Bill de Blasio targets finance firms investing in gunmakers
City advocate wants 12 major financiers of weapon manufacturers to retract funding following Newtown, Conn. school shooting, the latest in a series of killings using assault weapons.Comments (3)
By Tina Moore / NEW YORK DAILY NEWS
Monday, January 14, 2013, 2:26 AM
BlackRock Inc. has been targeted by City Advocate Bill de Blasio for backing assault weapon manufacturers
Here is the money behind the guns. Public Advocate Bill de Blasio has compiled a list of what he calls New York's "Dirty Dozen" — the city's 12 biggest corporate investors backing gun manufacturers. Now he's demanding they disarm.
On Monday, he's beginning a campaign aimed at pressuring the 12 investors to divest themselves from companies that sell military-grade weapons and ammunition to civilians.
"The days of quietly condoning business as usual are over," de Blasio told The Daily News. "We're pulling back the curtain." His office is creating a site online that will allow people to check if their IRAs, 401 (k) plans or mutual funds are invested with any of the "Dirty Dozen."
De Blasio - who is running for mayor - laid out his reasoning for the campaign in letters to each of the 12 corporate investors, demanding, "Wipe your hands of this destructive industry."
"The tragic shooting in Newtown, Conn., has forced a national debate on gun control. But as we consider necessary legislation, we cannot leave other tools unused to force the gun industry to reform its practices," he wrote. "A decisive action by shareholders can fundamentally alter industry practices including the manufacture of military grade weapons for the civilian market and the dangerous legislative agenda promulgated and financed by the gun industry.

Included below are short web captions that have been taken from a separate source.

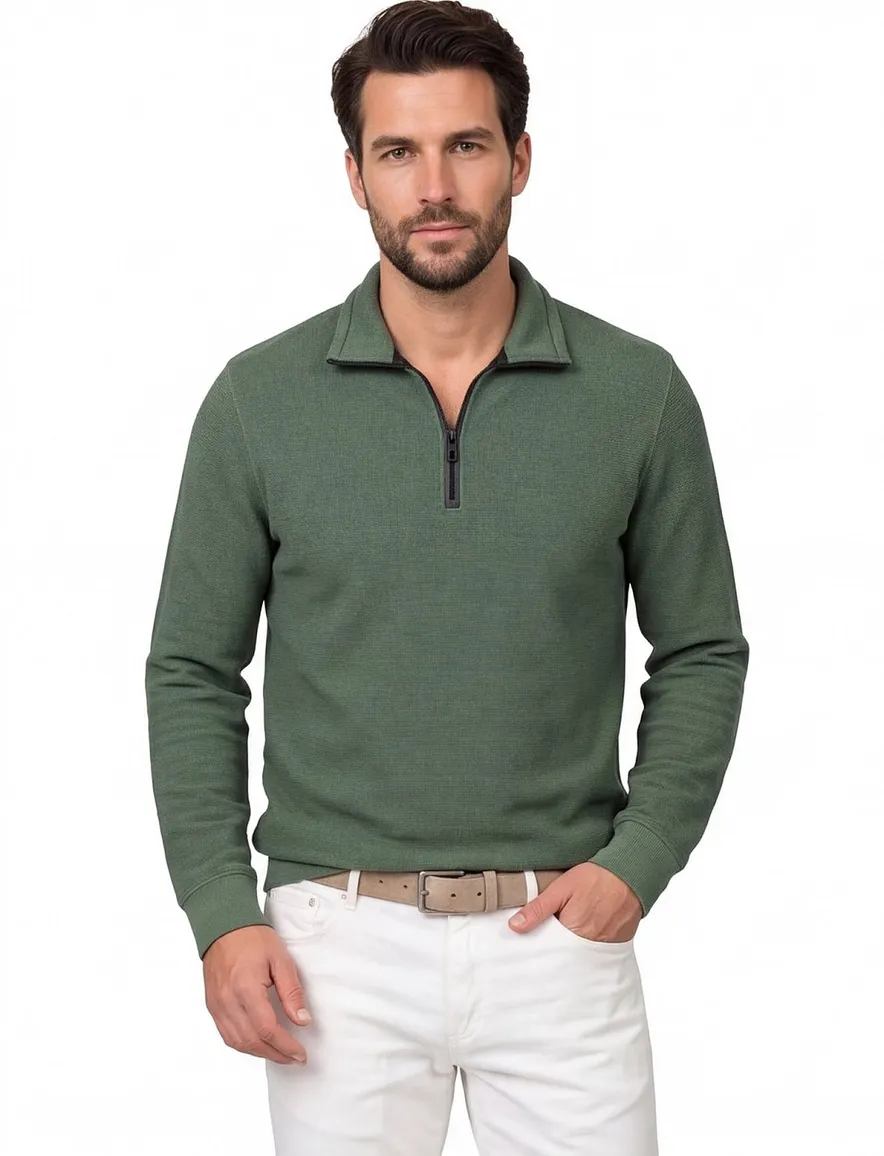 Trui Casa Moda zwarte half zip rits gebreid groen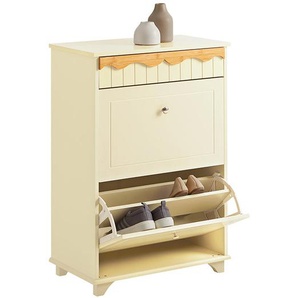 FSR124-MI Schuhkipper Schuhschrank mit 2 Klappen Schuhregal mit 4 Ablageflächen Schuhkommode Schuhablage Beige BHT ca.: 60x90x35cm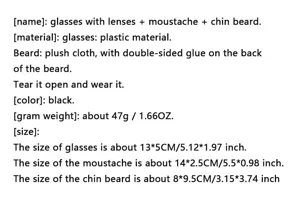 Halloween party costume glasses with fake moustache and chin beard set for cosplay props.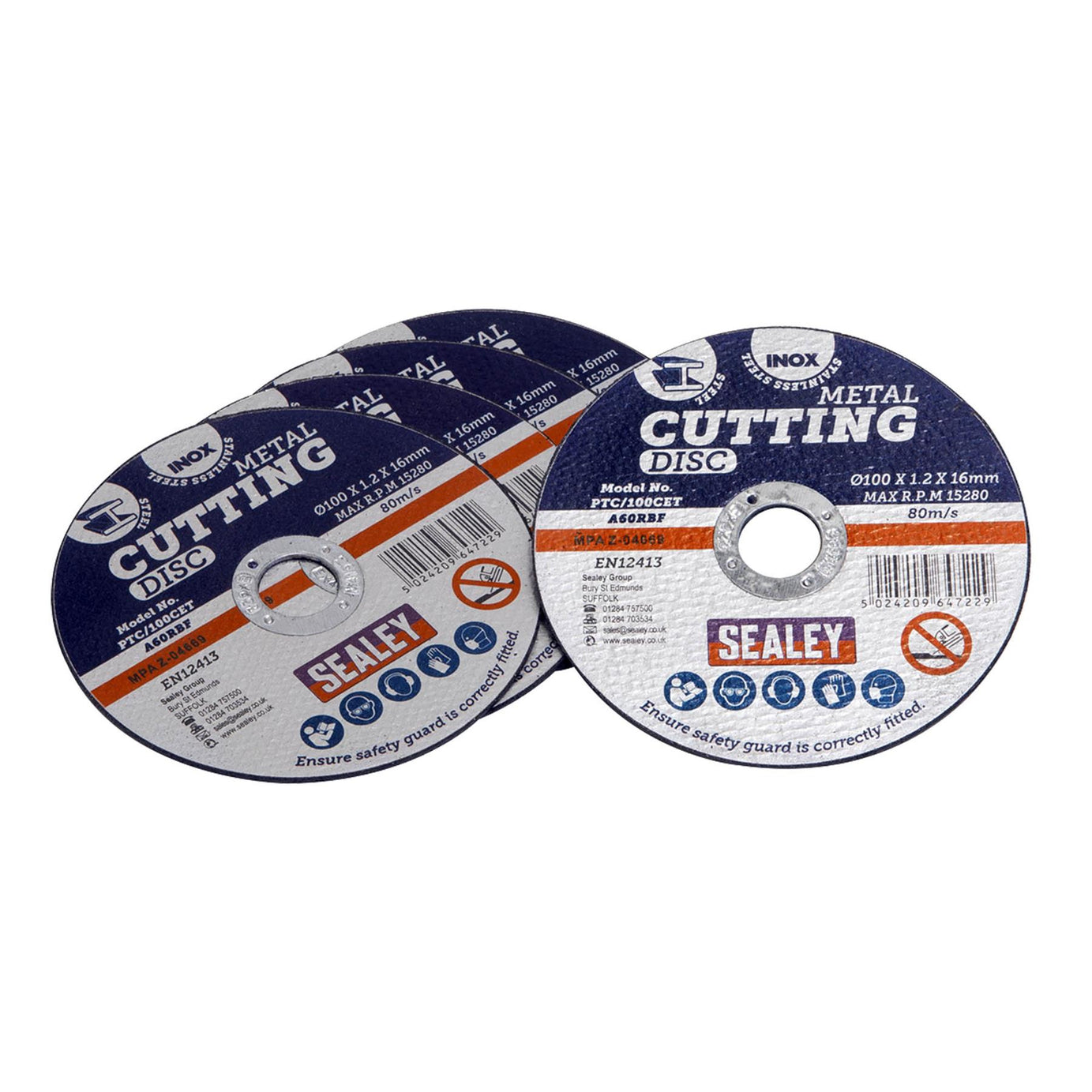 Sealey Cutting Disc �100 x 1.2mm 16mm Bore Pack of 5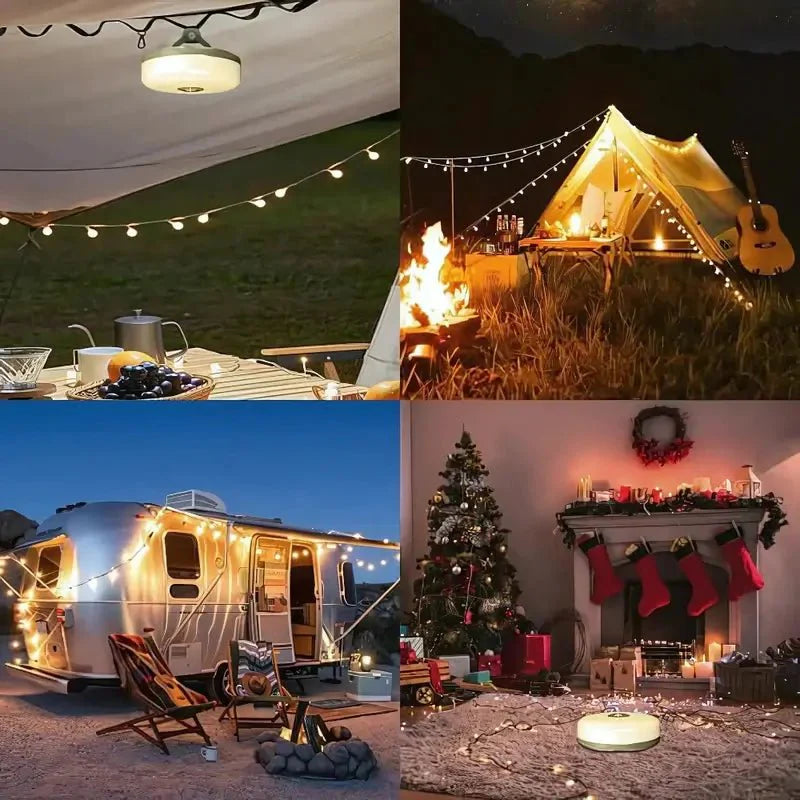 Campinglampe mit aufrollbarem Lichterkabel | 4-in-1 Zeltlampe & Stimmungslicht fürs Camping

Responsible shareholders can no longer be a party to these practices."
Cerberus Capital Management announced it would sell the country's largest gun company, Freedom Group, which produced the weapon used in the Newtown, Conn. school shooting.
The 12 investment companies singled out by de Blasio held more than $1.5 billion in gun company stock as of September, according the most recent filings with the Securities and Exchange Commission reviewed by his office.

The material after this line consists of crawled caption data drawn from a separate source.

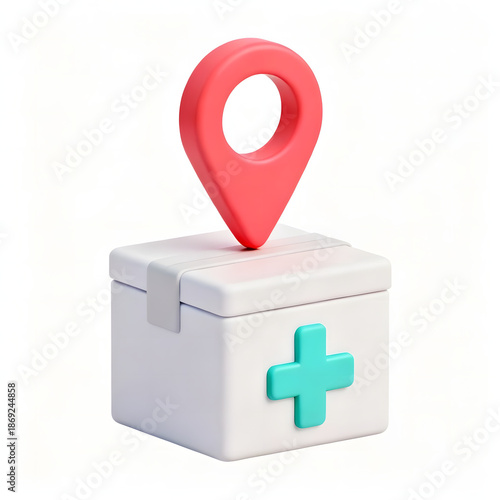 A stylized 3D icon depicting a white first aid box topped with a vibrant red map pin, set against a clean white background.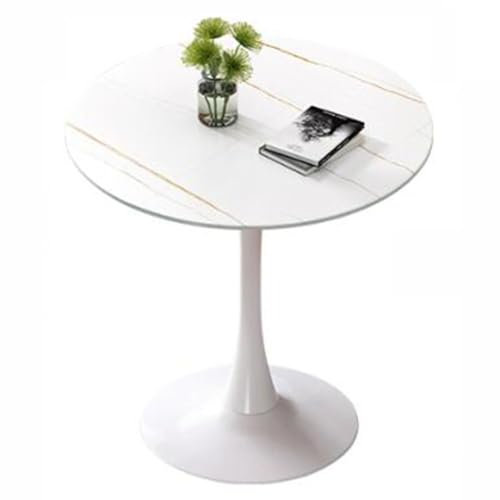 JHAISMAO Runden Tulpe Tisch Granit 12 Mm Dicke Zertifizierte Tischplatte Für Zuhause Und Küche Mit Sockel Aus Metall Platzsparender Tisch(Size:70cm,Color:Weiß)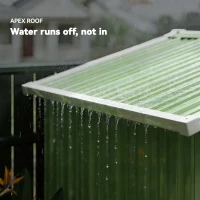 Outsunny 6.5' x 4'  Outdoor Storage Shed, Metal Garden Shed with Lockable Double Doors, 4 Vents, Light Green(m-5)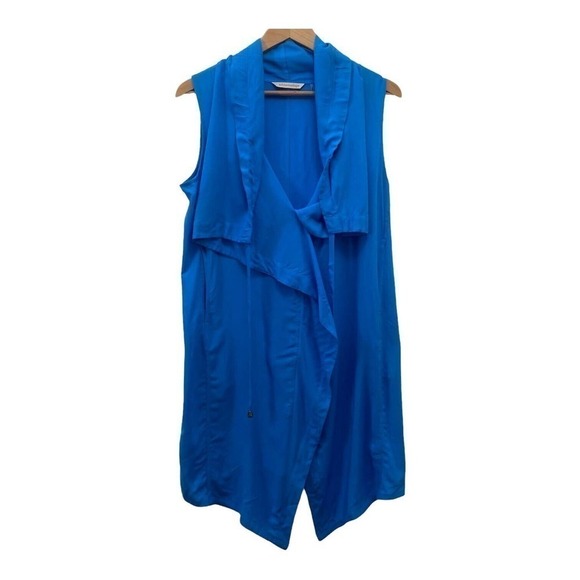 Soft Surroundings Blue Asymmetrical Dress Flowy Sleeveless Zip Front collared S - Picture 1 of 6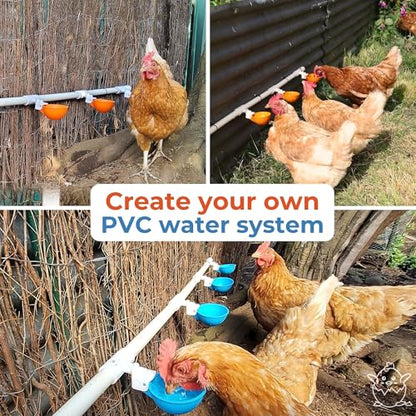 Lil'Clucker Large Automatic Chicken Waterer Cups with 1/2" PVC Tee Fittings - Chicken Water Cups, Chicken Water Feeder, for Chicks, Duck, Goose, Turkey - Poultry Waterer Feeder Kit (Orange, 8-Pack) - size: 8-Pack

The so-called Dirty Dozen include hedge funds like Renaissance Technologies, and large mutual fund companies like Black Rock.
BlackRock is No. 2 on the list, with $345.8 million in gun-company investments, according to de Blasio's office. Renaissance Technologies is No. 4 on the list, holding $79.5 million in shares of gunmakers Smith & Wesson Corp., which produced the M&P15 used in the Aurora, Colo., theater rampage, and Sturm, Ruger & Co., the maker of the Mini-14 semi-automatic weapon used by Anders Breivik to slaughter 69 people, mostly teenagers, in 2011 in Norway.

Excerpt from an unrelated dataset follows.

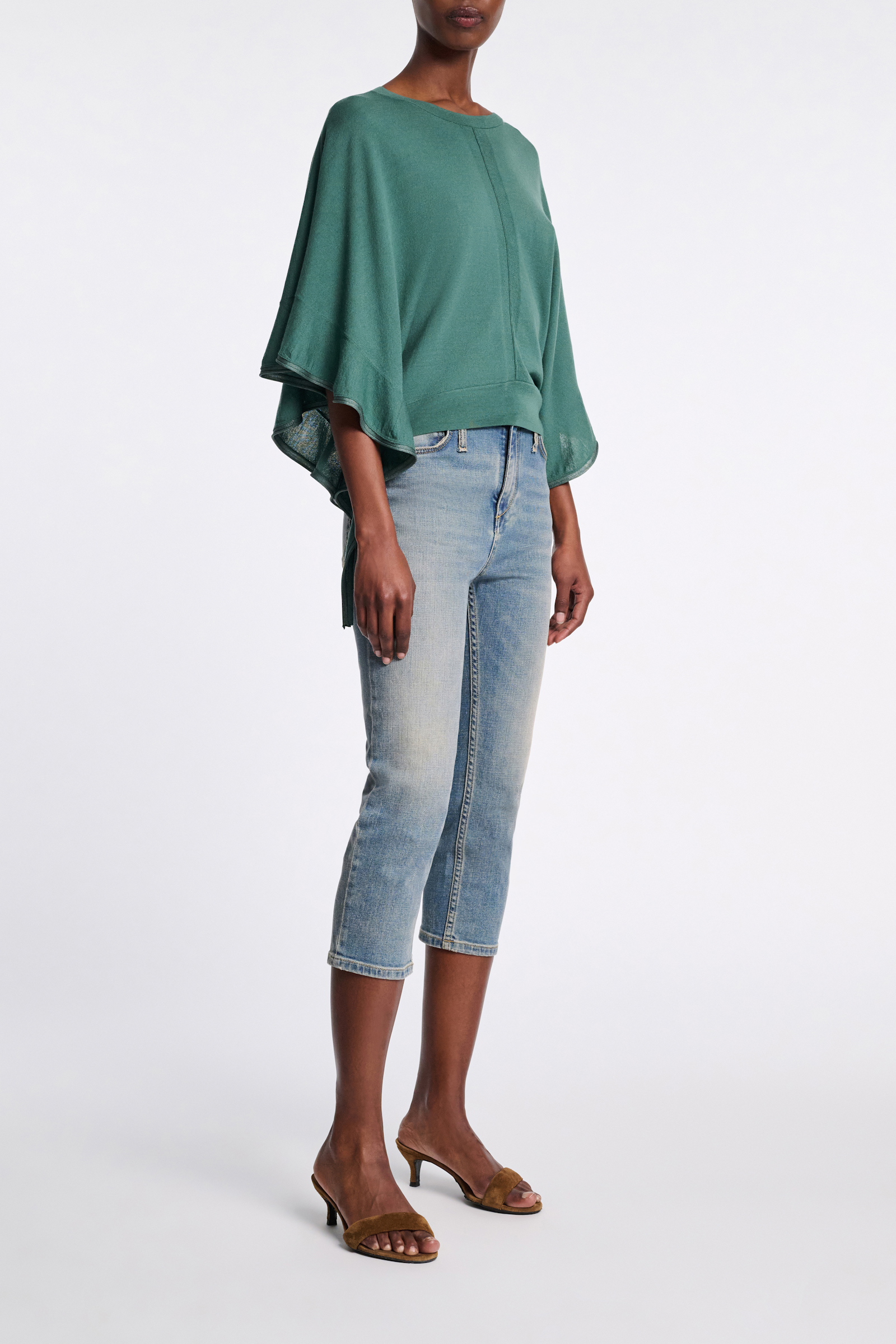 Dorothee Schumacher Rundhalspullover mit seitlichen Volants jade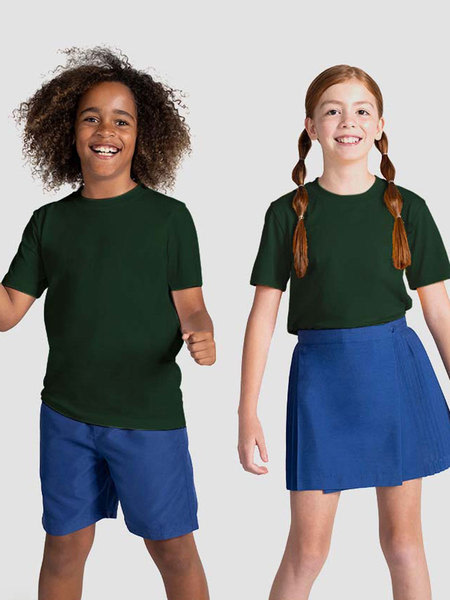 Kids Cotton School Tee - Bottle Green Kids Cotton School Tee - Bottle Green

BlackRock spokeswoman Lauren Post said in an e-mail, "We invest on behalf of our clients. Any stocks in the companies you outlined are included in certain major stock indexes (Russell, FTSE, etc) and therefore are held in passive index funds."
A spokesman for Renaissance Technologies declined to comment.
No. 1 on the list is the private equity firm Cerberus Capital Management, which announced in the days following the Newtown shooting that it would sell the country's largest gun company, Freedom Group. The gunmaker produced the Bushmaster firearm that Adam Lanza used in the Newtown massacre which killed 20 elementary school kids and six adults.
Cerberus will come off de Blasio's list when the sale's complete, de Blasio said.
Adam Kanzer, managing director of Domini Social Investments LLC, a mutual fund company which only invests in companies that it considers socially responsible, said other investment managers too often select investments "without even thinking" about the consequences.
"They're simply pushing a button and an algorithm is making a decision for them," he said.
And as a result, millions of Americans people are putting their hard-earned dollars into the gun companies through mutual funds and 401k plans.
"There are consequences for allocating billions of dollars to companies that are producing dangerous products and then selling them through retail channels," Kanzer said. "Those companies take a portion of their profits and funnel it over to the NRA."